→ ASSIGNMENT
A word-for-word copy of the records below is needed, without the images.

Short web captions
....................

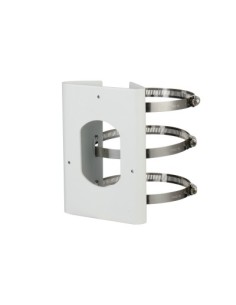 ADAPTADOR A POSTE PARA CAMARAS DAHUA PFA154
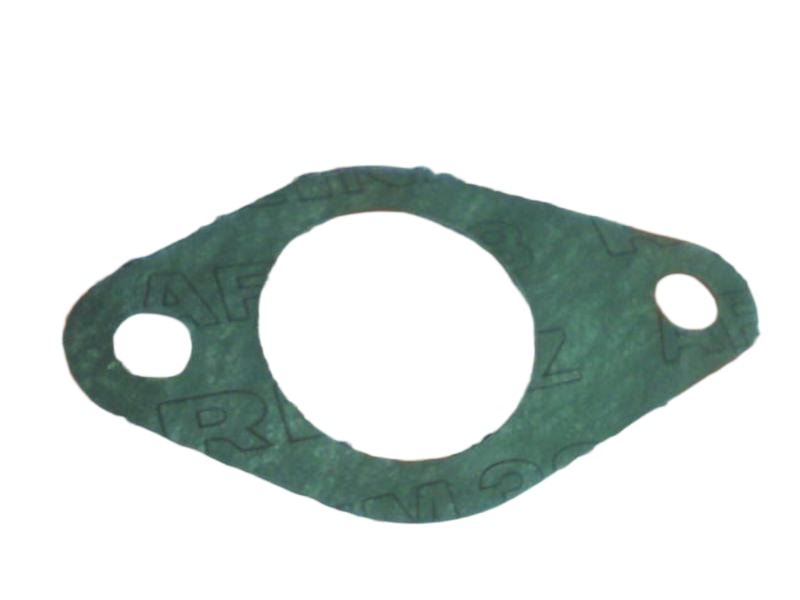 REINZ AFM38T
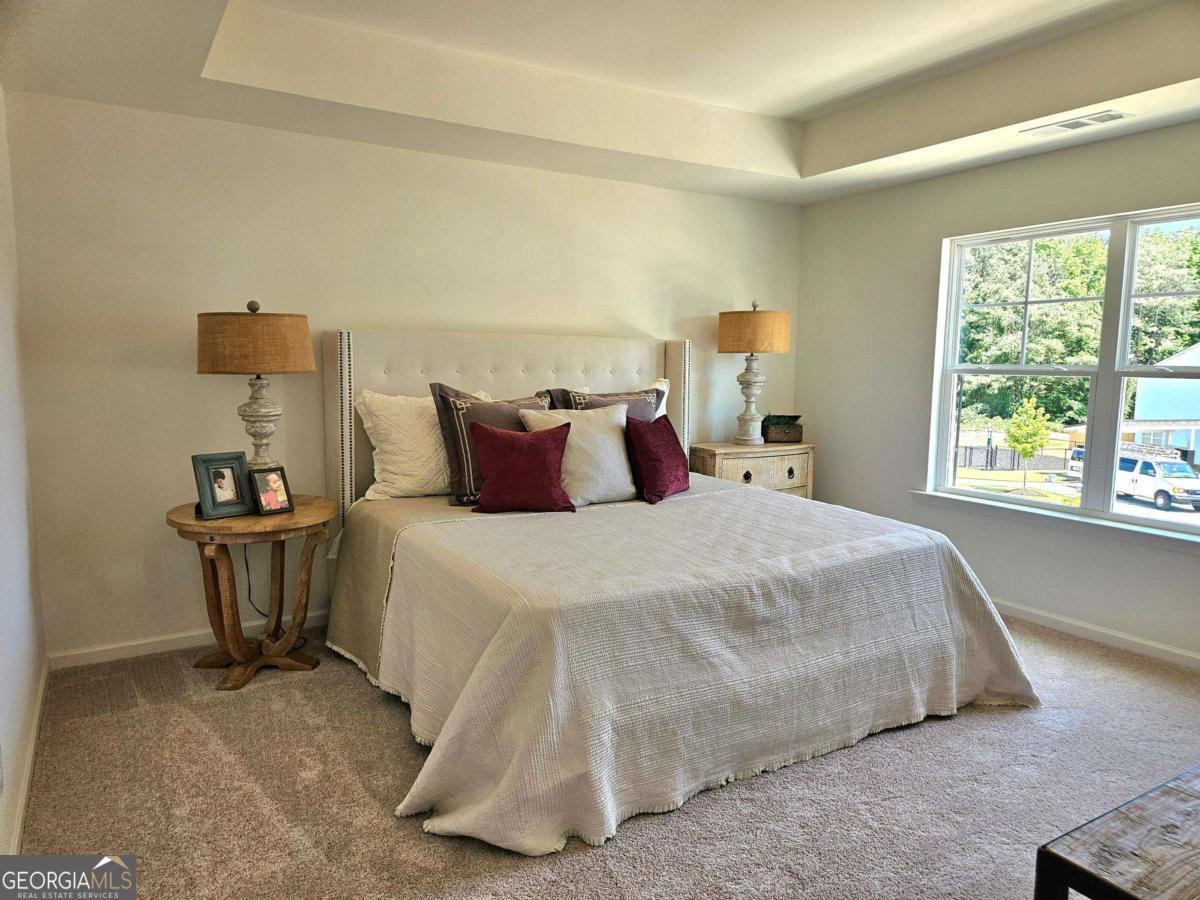2524 Riverside Road Property Photo 21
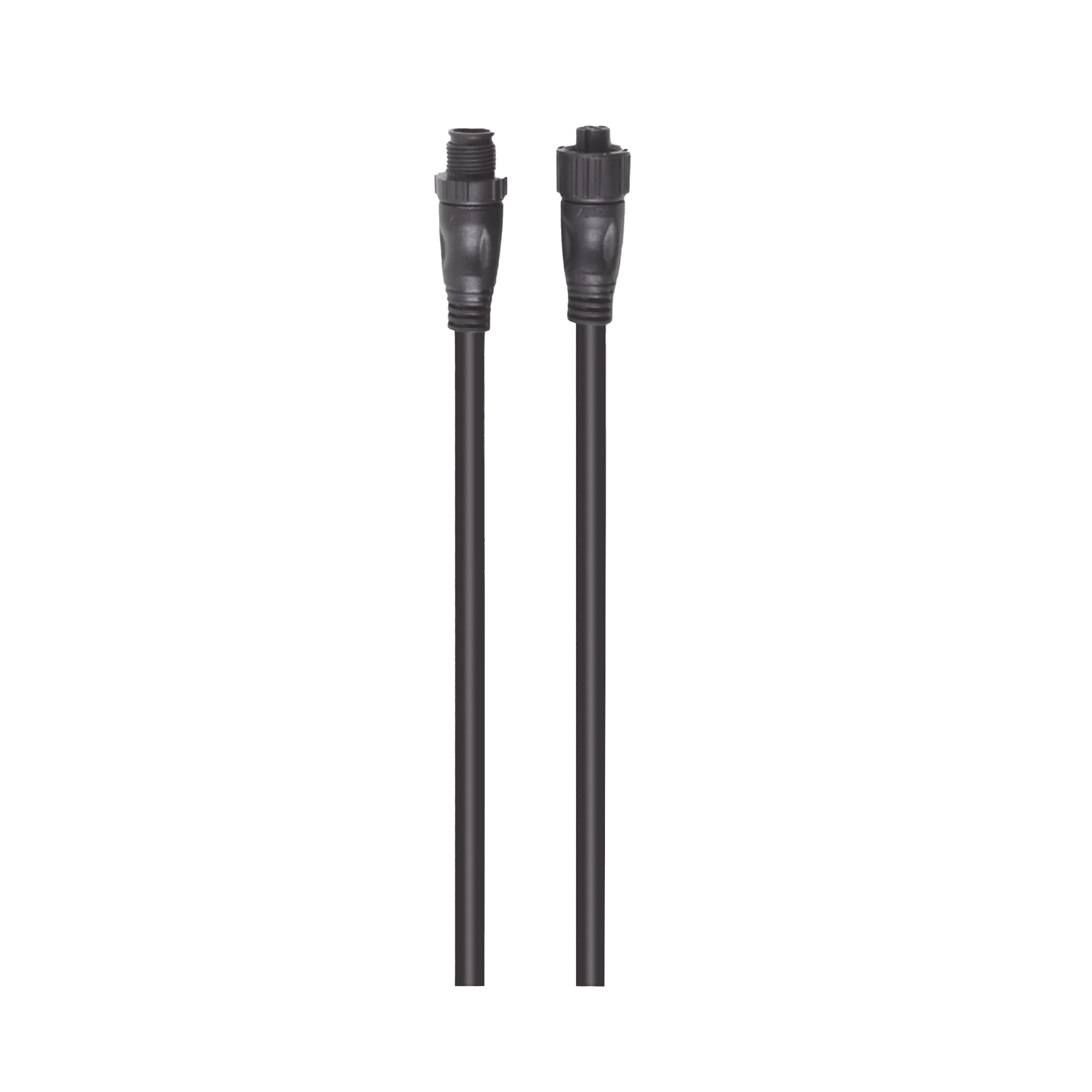 Cable de red GARMIN de 2 m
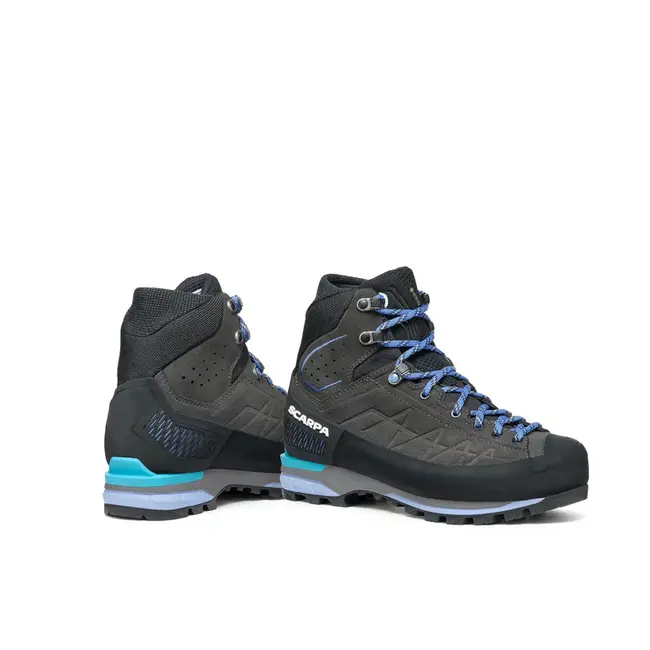 Women's Zodiac Tech GTX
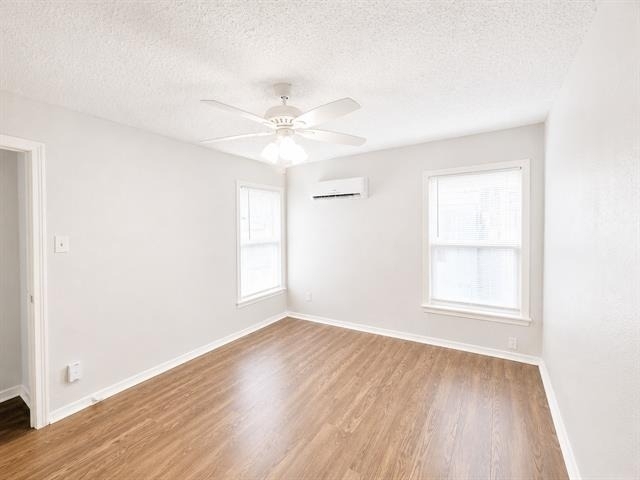 1817 Brittain Street - Photo 12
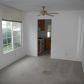 1562 Crystal Downs St, Banning, CA 92220 ID:15942322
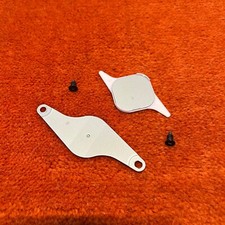 Supporto dissipatore clamp usato  Milano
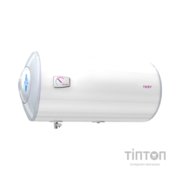 Бойлер Tesy BILIGHT H 100 (305324)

....................

→ ANSWER FOR THE TASK
 ADAPTADOR A POSTE PARA CAMARAS DAHUA PFA154
 REINZ AFM38T
2524 Riverside Road Property Photo 21
 Cable de red GARMIN de 2 m
 Women's Zodiac Tech GTX
 1817 Brittain Street - Photo 12
 1562 Crystal Downs St, Banning, CA 92220 ID:15942322
 Supporto dissipatore clamp usato  Milano
 Бойлер Tesy BILIGHT H 100 (305324)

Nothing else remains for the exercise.